У подъезда на лавочке ежедневный слет бабушек-старушек. У Катерины Ивановны и Настасьи Петровны горе – мужья ушли в запой. Впрочем, неприятность эта случается у жительниц нашей панельки с завидной регулярностью, но каждый раз все идет по одному и тому же сценарию.

- Мой-то снова в укатуху. Всю ночь спать не давал, колобродил, изверг окаянный. Я уж молчу, лежу тихо, чтоб, не дай Бог, он на меня не кинулся. Он же злой становится, как выпьет, может и в глаз дать, - жалится Катерина Ивановна, натягивая старенький застиранный платок пониже на лоб, чтобы не видно было свежего «бланша» под правым глазом.

- Нет, у меня Степа не такой. Он выпьет, и ему спать надо. Потом проснется, снова тяпнет, и в койку. Эх, так-то он у меня золотой, и руки у него золотые, все по дому делает, цены ему не было бы, если бы не пил… - тянет Настасья Петровна, качая головой и вздыхая.

- Ой, бабоньки, пока Савельич был жив, тоже житья не давал, сколько я с ним намучалась. Зло все от водки этой проклятущей, а ее все продают и продают. Зато теперь так мне без Савельича скучно, словом не с кем перемолвиться. Дети не звонят, забегают только чтобы денег занять, не нужна я им, - скорбно причмокивает иссохшими губами Мария Степановна и смахивает одинокую слезу с морщинистой щеки в пигментных пятнах.

- Так и я о том же, куда я своего Никитушку брошу? Ну, побуянит маненько, потом с недельку все хорошо у нас, до следующей пенсии. Все не одна, - кивает ей Катерина Ивановна, забывая про платок и синяк под глазом. Платок поднимается наверх, бабушки замечают синяк.

- Так все-таки накатил тебе Никитка? Ты ж, говоришь, тихо лежала? – охает Настасья Петровна.

- Лежала, вот те крест, лежала, как мышка, дышать боялась, а ему не понравилось, что молчу, вот он и врезал, злыдень. Сил моих уже нет! - заплакала Катерина. – Сейчас в магазин идти ему за опохмелом, как я пойду с таким лицом? А денег сколько пропивается, даже на хлеб уже не осталось… - трет глаза несчастная старушка мятым платком, который достает из кармана вязаной растянутой кофты.
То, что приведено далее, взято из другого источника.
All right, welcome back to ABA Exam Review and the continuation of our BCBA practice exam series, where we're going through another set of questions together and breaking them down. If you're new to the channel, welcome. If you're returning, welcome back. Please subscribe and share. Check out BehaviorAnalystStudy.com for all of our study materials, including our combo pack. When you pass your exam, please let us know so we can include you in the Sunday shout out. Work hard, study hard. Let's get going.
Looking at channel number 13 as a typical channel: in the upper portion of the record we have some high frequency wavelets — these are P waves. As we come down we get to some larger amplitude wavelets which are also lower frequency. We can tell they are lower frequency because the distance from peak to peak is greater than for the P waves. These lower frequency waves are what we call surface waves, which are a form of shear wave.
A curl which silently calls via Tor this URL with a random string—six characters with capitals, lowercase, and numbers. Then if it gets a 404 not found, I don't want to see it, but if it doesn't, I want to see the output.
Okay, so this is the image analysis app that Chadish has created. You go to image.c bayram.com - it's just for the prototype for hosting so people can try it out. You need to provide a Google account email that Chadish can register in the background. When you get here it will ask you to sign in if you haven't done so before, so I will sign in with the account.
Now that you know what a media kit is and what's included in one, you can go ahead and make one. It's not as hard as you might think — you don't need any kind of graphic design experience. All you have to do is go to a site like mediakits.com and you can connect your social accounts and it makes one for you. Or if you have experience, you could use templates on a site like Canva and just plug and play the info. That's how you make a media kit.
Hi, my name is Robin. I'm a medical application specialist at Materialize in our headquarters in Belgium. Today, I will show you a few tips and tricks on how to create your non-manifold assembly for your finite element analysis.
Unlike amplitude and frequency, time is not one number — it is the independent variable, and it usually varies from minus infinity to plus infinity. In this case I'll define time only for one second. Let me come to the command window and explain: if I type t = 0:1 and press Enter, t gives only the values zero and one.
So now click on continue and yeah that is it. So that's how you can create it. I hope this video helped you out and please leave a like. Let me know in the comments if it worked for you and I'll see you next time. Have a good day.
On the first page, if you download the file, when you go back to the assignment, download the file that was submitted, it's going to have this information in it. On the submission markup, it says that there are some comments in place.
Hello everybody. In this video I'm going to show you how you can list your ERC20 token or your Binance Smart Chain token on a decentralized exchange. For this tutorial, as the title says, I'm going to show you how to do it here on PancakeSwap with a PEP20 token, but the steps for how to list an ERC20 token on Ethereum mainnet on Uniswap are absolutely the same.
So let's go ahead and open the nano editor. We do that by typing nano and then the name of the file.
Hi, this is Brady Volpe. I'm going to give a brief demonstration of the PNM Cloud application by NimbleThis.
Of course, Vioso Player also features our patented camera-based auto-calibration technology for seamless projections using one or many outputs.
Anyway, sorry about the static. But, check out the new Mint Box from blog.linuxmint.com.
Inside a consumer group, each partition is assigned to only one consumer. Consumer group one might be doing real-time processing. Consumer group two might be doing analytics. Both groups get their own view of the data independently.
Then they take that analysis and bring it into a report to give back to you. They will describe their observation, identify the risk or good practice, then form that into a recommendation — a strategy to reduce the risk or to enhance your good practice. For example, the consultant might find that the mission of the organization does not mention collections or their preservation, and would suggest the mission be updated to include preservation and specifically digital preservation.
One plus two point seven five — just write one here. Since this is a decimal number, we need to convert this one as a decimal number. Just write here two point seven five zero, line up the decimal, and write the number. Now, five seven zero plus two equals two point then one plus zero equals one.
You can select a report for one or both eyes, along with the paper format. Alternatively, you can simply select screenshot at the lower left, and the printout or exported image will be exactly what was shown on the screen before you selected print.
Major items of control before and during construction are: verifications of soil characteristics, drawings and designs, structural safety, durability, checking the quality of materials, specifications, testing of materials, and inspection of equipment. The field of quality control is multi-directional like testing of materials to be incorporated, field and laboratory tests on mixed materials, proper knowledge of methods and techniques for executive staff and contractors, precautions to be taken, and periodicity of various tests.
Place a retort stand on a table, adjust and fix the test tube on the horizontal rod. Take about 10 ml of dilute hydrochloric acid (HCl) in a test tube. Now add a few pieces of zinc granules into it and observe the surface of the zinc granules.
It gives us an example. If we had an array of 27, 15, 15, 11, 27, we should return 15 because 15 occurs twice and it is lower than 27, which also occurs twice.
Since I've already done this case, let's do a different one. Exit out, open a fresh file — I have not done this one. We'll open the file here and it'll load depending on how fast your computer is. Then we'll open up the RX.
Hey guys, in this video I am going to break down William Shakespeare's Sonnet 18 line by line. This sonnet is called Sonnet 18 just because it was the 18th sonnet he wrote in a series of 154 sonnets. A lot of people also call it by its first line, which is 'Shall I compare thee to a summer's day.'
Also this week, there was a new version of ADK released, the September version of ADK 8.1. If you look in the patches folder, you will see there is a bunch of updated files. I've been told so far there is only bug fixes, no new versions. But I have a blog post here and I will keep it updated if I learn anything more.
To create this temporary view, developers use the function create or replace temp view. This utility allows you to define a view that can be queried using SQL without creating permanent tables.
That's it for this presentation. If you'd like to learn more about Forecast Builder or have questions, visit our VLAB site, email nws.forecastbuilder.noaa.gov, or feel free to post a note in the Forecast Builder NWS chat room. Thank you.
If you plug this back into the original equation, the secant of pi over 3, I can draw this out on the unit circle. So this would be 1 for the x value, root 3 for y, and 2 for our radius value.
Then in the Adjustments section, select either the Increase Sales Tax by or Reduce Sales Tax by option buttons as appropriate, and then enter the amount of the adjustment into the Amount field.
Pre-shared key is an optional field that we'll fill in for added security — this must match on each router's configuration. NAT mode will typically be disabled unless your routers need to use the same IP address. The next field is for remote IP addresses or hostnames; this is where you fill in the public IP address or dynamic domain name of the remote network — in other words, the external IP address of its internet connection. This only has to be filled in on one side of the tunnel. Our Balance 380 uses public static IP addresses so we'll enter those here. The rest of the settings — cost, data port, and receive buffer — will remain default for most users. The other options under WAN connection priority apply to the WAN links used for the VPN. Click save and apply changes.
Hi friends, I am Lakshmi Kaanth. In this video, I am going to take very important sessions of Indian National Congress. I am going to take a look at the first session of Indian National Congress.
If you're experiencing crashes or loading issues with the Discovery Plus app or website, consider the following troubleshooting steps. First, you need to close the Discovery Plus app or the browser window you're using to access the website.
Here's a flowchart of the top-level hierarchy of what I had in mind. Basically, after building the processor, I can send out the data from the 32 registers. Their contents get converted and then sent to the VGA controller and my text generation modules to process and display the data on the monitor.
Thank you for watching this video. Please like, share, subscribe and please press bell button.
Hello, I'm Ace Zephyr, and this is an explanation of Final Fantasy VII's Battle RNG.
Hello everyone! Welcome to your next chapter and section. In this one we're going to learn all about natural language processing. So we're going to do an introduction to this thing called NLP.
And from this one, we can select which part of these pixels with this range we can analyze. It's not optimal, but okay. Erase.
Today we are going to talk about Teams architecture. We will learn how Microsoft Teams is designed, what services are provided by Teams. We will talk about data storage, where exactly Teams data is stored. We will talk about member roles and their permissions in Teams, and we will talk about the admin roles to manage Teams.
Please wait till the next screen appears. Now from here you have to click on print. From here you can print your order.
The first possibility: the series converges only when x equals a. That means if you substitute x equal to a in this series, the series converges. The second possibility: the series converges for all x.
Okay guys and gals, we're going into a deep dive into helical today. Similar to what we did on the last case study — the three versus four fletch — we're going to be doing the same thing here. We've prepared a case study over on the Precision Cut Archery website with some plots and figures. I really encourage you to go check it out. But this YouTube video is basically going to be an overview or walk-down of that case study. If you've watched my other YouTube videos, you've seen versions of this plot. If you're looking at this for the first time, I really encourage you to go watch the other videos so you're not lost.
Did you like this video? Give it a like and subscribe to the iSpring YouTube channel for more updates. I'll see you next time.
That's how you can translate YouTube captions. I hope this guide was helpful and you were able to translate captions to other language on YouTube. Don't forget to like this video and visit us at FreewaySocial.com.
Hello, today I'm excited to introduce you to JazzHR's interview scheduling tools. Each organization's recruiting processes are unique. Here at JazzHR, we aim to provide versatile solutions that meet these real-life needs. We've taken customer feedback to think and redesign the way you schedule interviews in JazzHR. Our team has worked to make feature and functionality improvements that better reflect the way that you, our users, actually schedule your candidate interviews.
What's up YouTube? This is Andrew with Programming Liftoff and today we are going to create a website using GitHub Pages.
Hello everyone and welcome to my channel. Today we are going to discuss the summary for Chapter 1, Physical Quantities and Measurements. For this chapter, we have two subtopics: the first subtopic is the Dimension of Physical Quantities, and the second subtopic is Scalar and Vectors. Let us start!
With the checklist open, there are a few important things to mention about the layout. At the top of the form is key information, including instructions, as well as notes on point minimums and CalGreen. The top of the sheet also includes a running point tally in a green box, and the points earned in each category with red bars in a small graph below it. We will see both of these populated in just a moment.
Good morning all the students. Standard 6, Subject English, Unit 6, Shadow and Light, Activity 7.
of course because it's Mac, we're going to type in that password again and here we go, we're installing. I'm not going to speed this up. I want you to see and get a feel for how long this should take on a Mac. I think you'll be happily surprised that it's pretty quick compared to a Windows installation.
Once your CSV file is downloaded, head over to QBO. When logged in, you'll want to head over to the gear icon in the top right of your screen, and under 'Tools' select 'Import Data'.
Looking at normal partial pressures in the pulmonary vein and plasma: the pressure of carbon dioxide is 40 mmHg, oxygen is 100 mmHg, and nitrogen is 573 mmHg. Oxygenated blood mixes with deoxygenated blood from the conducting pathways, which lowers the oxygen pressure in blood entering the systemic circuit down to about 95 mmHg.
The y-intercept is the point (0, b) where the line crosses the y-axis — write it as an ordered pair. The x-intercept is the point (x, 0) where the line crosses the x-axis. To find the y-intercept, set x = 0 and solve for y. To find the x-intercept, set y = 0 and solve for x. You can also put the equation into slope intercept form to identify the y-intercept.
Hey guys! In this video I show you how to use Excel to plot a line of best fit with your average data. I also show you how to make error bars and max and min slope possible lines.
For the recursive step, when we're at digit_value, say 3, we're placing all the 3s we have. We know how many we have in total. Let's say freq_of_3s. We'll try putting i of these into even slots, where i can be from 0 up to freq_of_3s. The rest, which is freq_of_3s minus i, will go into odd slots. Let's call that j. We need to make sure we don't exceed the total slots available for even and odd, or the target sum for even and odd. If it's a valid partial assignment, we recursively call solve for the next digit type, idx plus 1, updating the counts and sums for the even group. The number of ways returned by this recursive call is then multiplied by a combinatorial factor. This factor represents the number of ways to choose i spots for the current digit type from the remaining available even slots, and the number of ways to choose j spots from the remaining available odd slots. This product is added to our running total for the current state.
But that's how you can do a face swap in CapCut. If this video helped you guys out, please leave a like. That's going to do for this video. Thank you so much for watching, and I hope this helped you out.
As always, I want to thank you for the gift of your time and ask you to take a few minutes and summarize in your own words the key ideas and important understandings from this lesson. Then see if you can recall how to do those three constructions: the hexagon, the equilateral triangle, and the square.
В этот момент у подъезда останавливается красивая новая машинка, из нее выходит Галина Владимировна, элегантная, в бардовом брючном костюме с сумочкой-клатчем. Она пикает сигналкой и цокает каблучками мимо троицы на лавке.

Катерина Ивановна тут же перестает плакать, на лице появляется ехидная ухмылка, она цедит ядовито:

- Нарисовалась фифа. Нам ровесница, а все молодуху из себя строит, глазки подвела, бровки нарисовала, стыдобища…

Настасья Петровна с готовностью подхватывает:

- Ага, сзади пионерка, а спереди – пенсионерка! – и все дружно начинают хихикать. От смеха у Марии Степановны что-то булькает в груди, и она заходится в кашле.

- А толку-то, что вся из себя, ни мужа, ни детей, пропорхала всю жизнь, никому не нужная, бухгалтером за столом отсидела, с циферками, и еще нос задирает, - Катерина Ивановна грозно сдвигает брови к переносице.

Галина Владимировна, между тем, приветливо здоровается и исчезает в подъезде. Разговоры соседок она уже выучила наизусть, и ее это совсем не трогает. Вечером концерт,  еще надо сделать прическу и решить, в каком же платье отправиться в филармонию.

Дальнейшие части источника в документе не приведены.